DEATH LINE’s political themes - collapse of Empire, class exploitation and high level corruption - were particularly relevant in the early 1970s. The humanity of the film’s aboveground characters is questioned from the outset. Backed with kitsch striptease music, bowler-hatted civil servant James Manfred OBE (James Cossins) tours Soho and propositions women on platforms; we later learn that his luxurious home has closed-circuit TV in the bedrooms. Similarly, Calhoun is a humorous but ultimately mean-spirited character, and Christopher Lee’s cameo as Stratton-Villiers MI5, complete with furled umbrella and Old Etonian tie, sneers at the proletarians. Conditions belowground are explored in the virtuoso 360-degree long, leisurely malingering pan of The Man’s den, culminating in his moaning over a dying companion (June Turner); the skeletal sets and fetid atmosphere clearly acted as a key inspiration behind Robert Burns’ design for THE TEXAS CHAINSAW MASSACRE.
One of the partially consumed cadavers suspended from a wall in the neglected gem DEATH LINE (affectionately released as RAW MEAT in the United States).
Christopher Smith’s modestly budgeted CREEP also held its own against the US independent releases of the early noughtees. The eponymous Creep (Sean Harris) has played an involuntary part in a programme within a covert surgical unit beneath Charing Cross station. The Creep becomes a surprisingly complex character: the absence of light, language, and love has turned this pale boy into a feral freak. More animal than man, his speech consists mostly of inhuman screeching as he hunts, snares and tortures anything in his path. But he also retains an unusual curiosity - at times almost sportive, as if playing hide and seek with his quarry. When Creep straps a homeless female (Kelly Scott) to an obstetrician’s chair, he prepares to operate as would a child playing doctor; donning a gown and surgical gloves, he pretends to anaesthetise before one of the most unmitigated acts of violence ever committed to celluloid. Regrettably there are plot holes large enough to drive a train through, but CREEP is fast-moving fare which benefits greatly from its haunting perspectives of the tube's otherworldly look, focusing on ominous low arches, ambiguous sewage tunnels, and oppressive crawlspaces.

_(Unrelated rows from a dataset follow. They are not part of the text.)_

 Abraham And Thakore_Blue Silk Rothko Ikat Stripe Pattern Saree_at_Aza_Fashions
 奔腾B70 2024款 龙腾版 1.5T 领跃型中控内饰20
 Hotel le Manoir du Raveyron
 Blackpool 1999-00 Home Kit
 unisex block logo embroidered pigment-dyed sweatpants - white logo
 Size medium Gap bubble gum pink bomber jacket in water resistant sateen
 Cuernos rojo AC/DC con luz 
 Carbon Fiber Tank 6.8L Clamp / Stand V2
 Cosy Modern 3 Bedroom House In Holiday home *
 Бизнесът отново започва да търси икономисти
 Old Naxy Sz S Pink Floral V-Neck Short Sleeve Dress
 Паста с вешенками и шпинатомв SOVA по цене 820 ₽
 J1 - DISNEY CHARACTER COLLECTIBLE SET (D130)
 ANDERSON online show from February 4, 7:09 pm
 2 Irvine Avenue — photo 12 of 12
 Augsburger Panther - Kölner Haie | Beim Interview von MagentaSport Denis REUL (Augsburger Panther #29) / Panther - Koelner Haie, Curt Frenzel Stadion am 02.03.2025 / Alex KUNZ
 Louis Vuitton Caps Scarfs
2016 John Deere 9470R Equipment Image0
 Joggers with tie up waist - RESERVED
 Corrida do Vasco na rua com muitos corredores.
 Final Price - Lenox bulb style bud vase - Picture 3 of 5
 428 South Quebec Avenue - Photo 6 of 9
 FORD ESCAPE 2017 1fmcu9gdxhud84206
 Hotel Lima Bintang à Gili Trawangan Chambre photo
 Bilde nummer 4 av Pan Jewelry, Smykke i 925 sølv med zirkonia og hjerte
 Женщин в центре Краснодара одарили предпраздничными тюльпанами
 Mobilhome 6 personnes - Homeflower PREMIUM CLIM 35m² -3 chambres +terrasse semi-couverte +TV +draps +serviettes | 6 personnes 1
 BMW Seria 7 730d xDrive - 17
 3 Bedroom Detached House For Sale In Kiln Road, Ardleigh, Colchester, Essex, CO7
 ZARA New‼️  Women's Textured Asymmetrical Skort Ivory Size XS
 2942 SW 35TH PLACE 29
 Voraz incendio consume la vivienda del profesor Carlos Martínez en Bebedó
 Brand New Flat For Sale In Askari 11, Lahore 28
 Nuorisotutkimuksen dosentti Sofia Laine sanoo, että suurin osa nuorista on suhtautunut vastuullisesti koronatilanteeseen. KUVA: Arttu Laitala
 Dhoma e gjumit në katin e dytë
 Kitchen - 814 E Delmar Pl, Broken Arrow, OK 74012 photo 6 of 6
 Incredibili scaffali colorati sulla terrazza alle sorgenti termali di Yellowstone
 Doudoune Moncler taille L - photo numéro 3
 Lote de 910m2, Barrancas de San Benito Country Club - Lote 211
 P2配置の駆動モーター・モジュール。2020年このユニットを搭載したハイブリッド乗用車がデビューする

DEATH LINE and CREEP both successfully adapt a particular legend to the screen. The subterranean tunnels of London are rich in urban myths - ghosts searching platforms for loved-ones, killer rats of phenomenal size, and walled-up trains with cargoes of skeletons - but its most famous story remains that of a race of Troglodyte dwellers. Viewing these films, we can appreciate the sensitive process that eventually manifests as local legends. By means of these myths, we maintain a sense of what we are worth and who we are, a romantic response to our perception of the London Underground that manifests a certain fear in contrast to what we can see and touch. As cinematic experiences, they are cannibal films with a conscience. Analogies between man and monster – and how far a man can degenerate and remain human – are not difficult to draw. Yet society is the real villain, the kind of capitalist state that abandons its disenfranchised children, and denying them their essence.